- [WHAT THIS TASK INVOLVES]: Repeat the listing word for word. Leave every picture out.

- [PROVIDED DATA]:
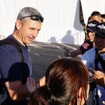 2015年シーズンで引退したポール・ボノム元選手。2日は強風の中で確認フライトを担当した。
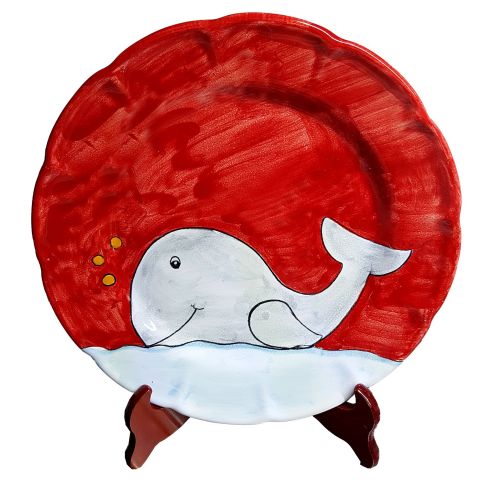 Dish, plate Sea line, handpainted in Vietri ceramic...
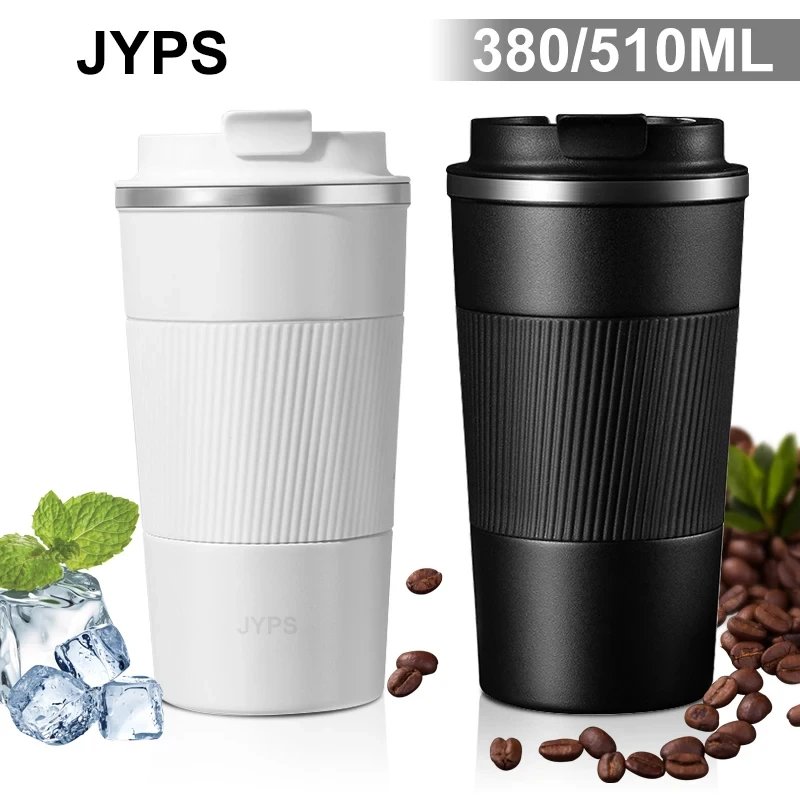 380ml/510ml Coffee Thermos Mug Leak-Proof Non-Slip Car Vacuum Flask Travel Thermal Cup Double-Wall Stainless Steel Water Bottle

- [ANSWER SECTION]:
 2015年シーズンで引退したポール・ボノム元選手。2日は強風の中で確認フライトを担当した。
 Dish, plate Sea line, handpainted in Vietri ceramic...
 380ml/510ml Coffee Thermos Mug Leak-Proof Non-Slip Car Vacuum Flask Travel Thermal Cup Double-Wall Stainless Steel Water Bottle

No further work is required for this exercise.